In an interview with whynow, he outlined the consequences for the UK’s music industry as a result of limiting freedom of movement within the EU, particularly for those starting out on their careers and trying to build their fanbase.

Tom said: “You’ve got to recognise the fact that when it comes to post-Brexit EU touring, larger players will have the resource to find workarounds, and the smaller bands will find it far more difficult to navigate or just decide not to do that international touring.

“It’s probably quite premature to really assess the impact yet, but if you’re a band and artist at the early stage of your career, you’ll be wanting to tour all the time, and the European market is one you would have previously exploited positively, and built fanbases and learnt your craft.

“Because we’ve only left for two or so years, the legacy issues still need to be worked out, but we’re particularly concerned from the smaller-scale artist’s point of view, and just how potentially difficult it is.”

UK Music is calling for a number of measures to improve the situation including a UK Cultural Touring Agreement to cut red tape, establishment of a Music Export Office to offer bands more logistical support and action over the rule that limits work to 90 days within a 180-day period in The Schengen Area.

Tom said: “Even for more established gigging musicians, you’ve got this 90-in-180-day rule around Brexit, which is a big issue.
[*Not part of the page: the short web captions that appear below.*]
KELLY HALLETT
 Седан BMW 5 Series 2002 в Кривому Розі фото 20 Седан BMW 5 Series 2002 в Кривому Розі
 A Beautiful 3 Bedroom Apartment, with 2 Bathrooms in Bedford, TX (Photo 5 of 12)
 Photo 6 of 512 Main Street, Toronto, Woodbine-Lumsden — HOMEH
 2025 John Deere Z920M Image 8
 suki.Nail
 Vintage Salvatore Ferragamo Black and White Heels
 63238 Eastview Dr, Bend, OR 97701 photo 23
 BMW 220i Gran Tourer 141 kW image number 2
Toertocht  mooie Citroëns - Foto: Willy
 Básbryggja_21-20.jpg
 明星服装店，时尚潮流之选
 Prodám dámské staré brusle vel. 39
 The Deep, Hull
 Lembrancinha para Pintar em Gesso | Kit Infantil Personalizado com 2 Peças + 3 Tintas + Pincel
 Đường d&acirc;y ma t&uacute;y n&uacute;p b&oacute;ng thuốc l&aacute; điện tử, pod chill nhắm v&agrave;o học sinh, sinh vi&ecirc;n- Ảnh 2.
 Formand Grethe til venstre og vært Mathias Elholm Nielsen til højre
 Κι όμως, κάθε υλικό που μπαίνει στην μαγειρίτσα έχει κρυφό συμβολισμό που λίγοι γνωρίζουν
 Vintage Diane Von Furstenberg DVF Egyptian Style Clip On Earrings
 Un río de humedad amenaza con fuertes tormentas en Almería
So if you work with a particular artist, or have a particular relationship with a country, within three months, you’re already hitting the deadline for how long you should be in that country.

“[UK Music is asking] for a settlement or some kind of exemption on that, which takes cultural workers outside of that problem, because that’s a very clear immigration issue. Unfortunately, we’ve been captured within that when really the nature of touring musicians is very different.

“So there are some quite unique characteristics of touring and being a musician that need to be taken into account more. Obviously, it was very regrettable that when they did the [Brexit] deal, it didn’t have a specific agreement in relation to [these] issues.”